## Aim of the exercise
From the material below, reproduce exactly the stretch of lines that begins with the line holding "Immediately pick up" and ends with the line holding "That kit is", skipping the pictures.

## Supplied material

•••

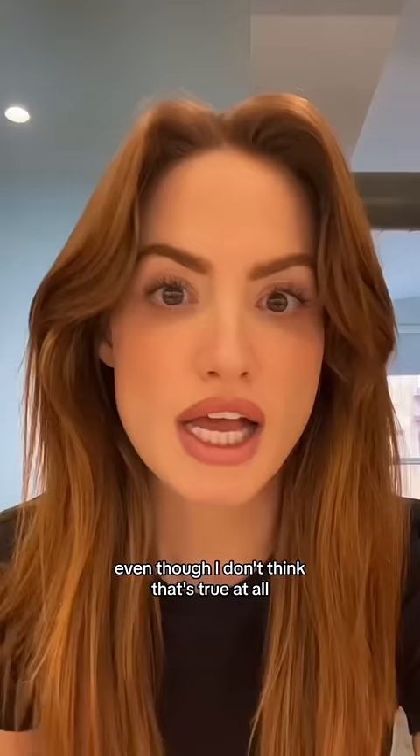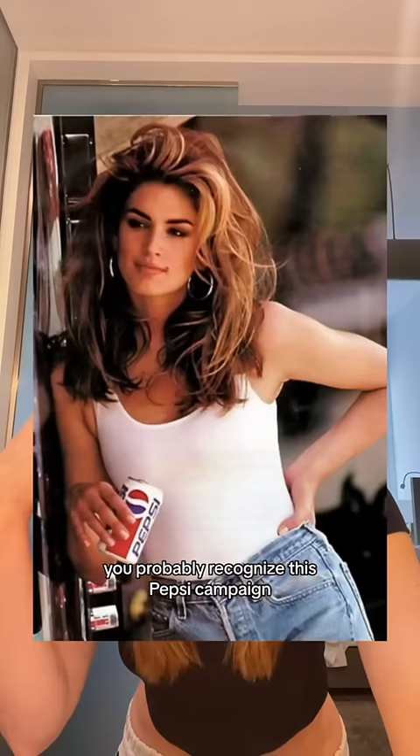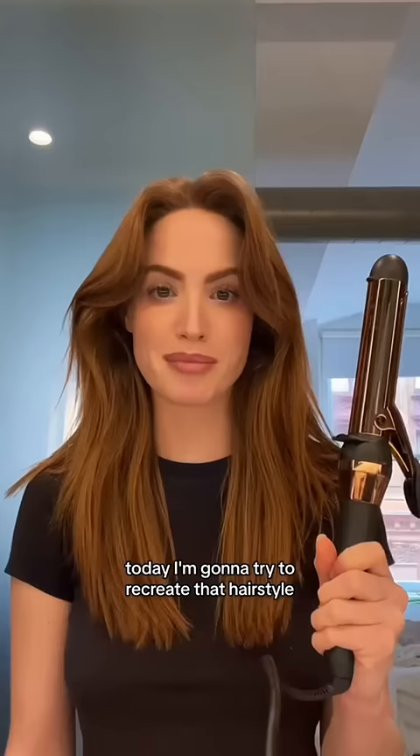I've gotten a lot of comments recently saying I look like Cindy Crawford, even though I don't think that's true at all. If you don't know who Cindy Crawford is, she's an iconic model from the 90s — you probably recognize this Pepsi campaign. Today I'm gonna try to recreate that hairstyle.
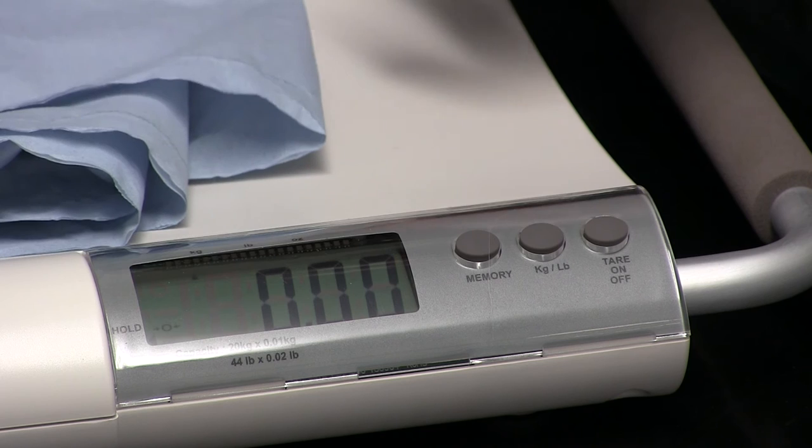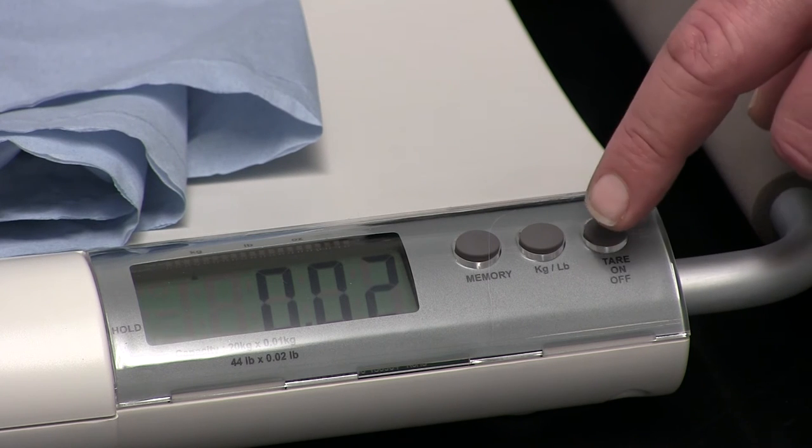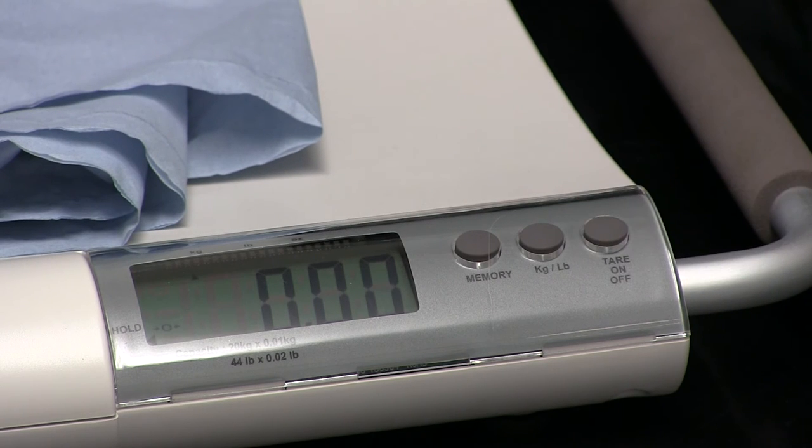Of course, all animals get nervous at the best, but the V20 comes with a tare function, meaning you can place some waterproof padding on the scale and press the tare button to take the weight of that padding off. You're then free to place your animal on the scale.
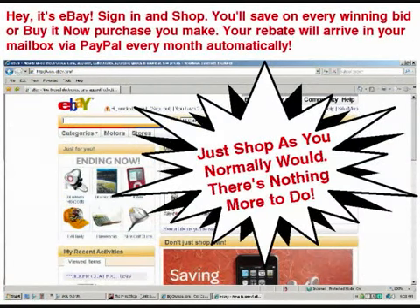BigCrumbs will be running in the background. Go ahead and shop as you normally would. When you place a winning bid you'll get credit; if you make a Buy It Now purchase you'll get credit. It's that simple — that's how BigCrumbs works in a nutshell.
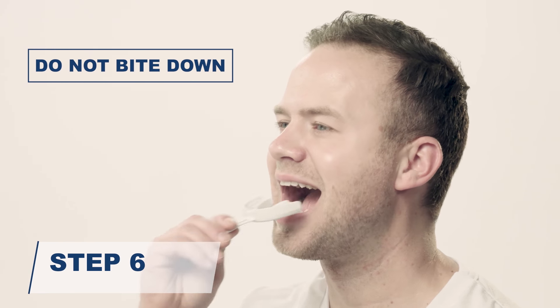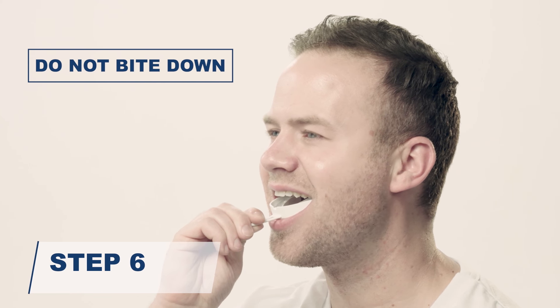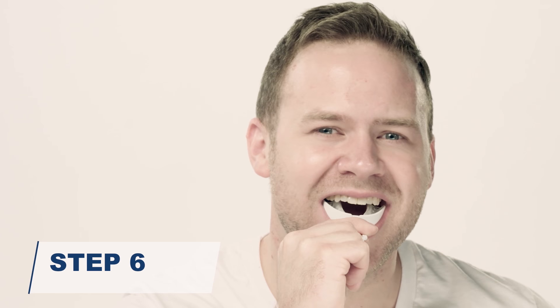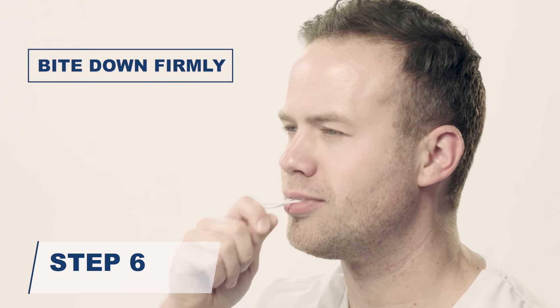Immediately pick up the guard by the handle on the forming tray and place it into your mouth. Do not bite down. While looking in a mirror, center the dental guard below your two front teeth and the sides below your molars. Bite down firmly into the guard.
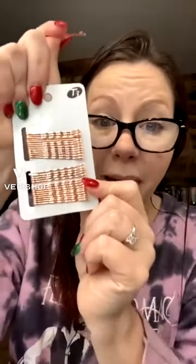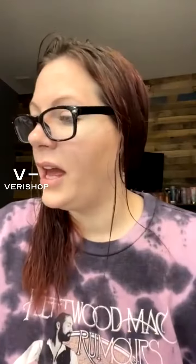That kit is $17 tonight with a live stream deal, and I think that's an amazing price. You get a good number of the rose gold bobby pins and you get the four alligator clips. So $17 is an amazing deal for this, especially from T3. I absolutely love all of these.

•••

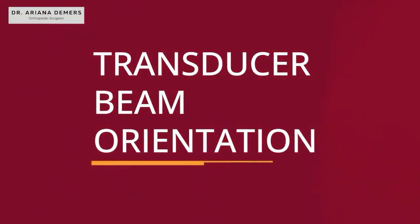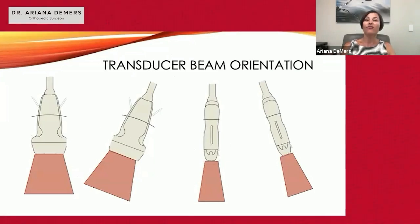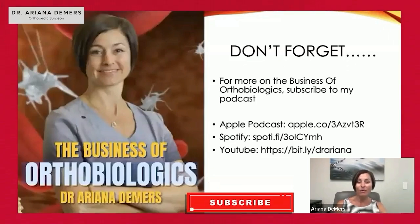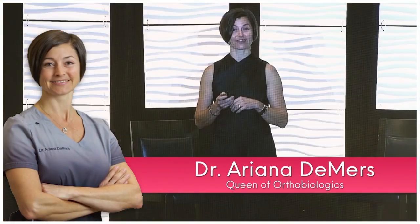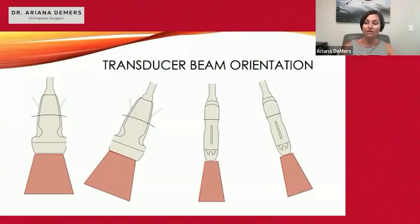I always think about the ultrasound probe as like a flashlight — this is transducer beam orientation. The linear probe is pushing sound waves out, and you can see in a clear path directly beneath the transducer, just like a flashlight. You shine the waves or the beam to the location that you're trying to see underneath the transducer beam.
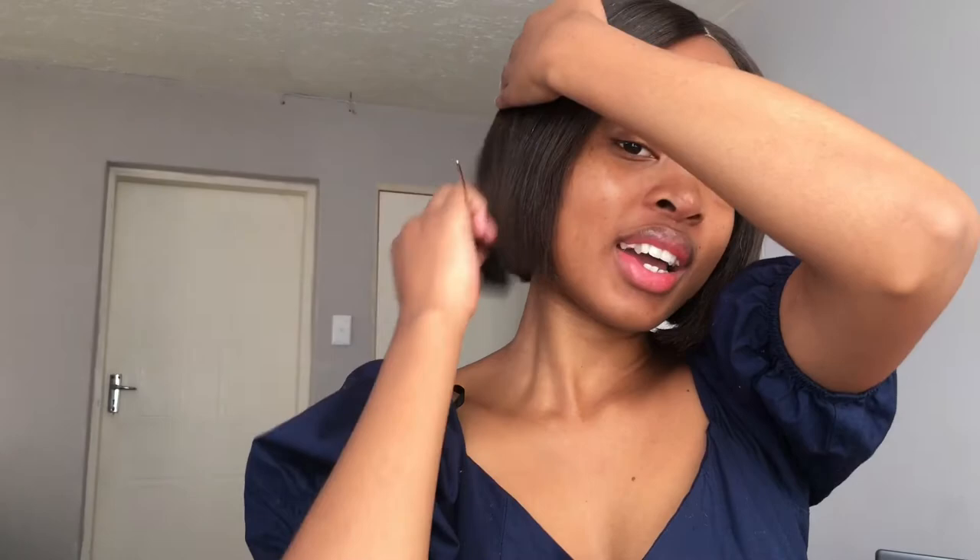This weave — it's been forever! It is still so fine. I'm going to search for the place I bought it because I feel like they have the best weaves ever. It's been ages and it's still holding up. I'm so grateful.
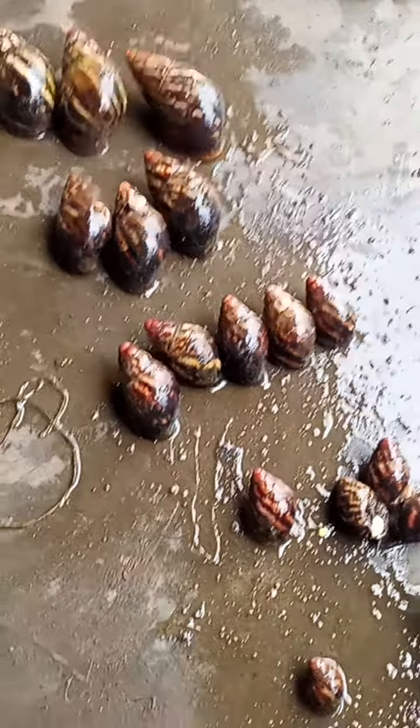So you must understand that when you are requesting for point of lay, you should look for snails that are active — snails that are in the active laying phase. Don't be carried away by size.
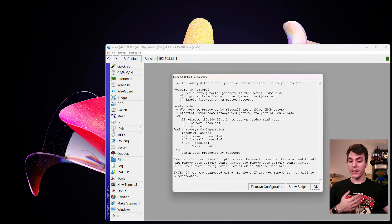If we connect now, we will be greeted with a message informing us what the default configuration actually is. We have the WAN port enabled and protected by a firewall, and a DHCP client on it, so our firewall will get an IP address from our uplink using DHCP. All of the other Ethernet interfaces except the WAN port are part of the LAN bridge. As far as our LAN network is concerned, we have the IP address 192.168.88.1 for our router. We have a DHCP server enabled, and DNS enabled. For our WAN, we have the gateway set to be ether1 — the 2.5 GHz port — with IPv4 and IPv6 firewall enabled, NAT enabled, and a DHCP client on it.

•••

## Result of this task
Immediately pick up the guard by the handle on the forming tray and place it into your mouth. Do not bite down. While looking in a mirror, center the dental guard below your two front teeth and the sides below your molars. Bite down firmly into the guard.
That kit is $17 tonight with a live stream deal, and I think that's an amazing price. You get a good number of the rose gold bobby pins and you get the four alligator clips. So $17 is an amazing deal for this, especially from T3. I absolutely love all of these.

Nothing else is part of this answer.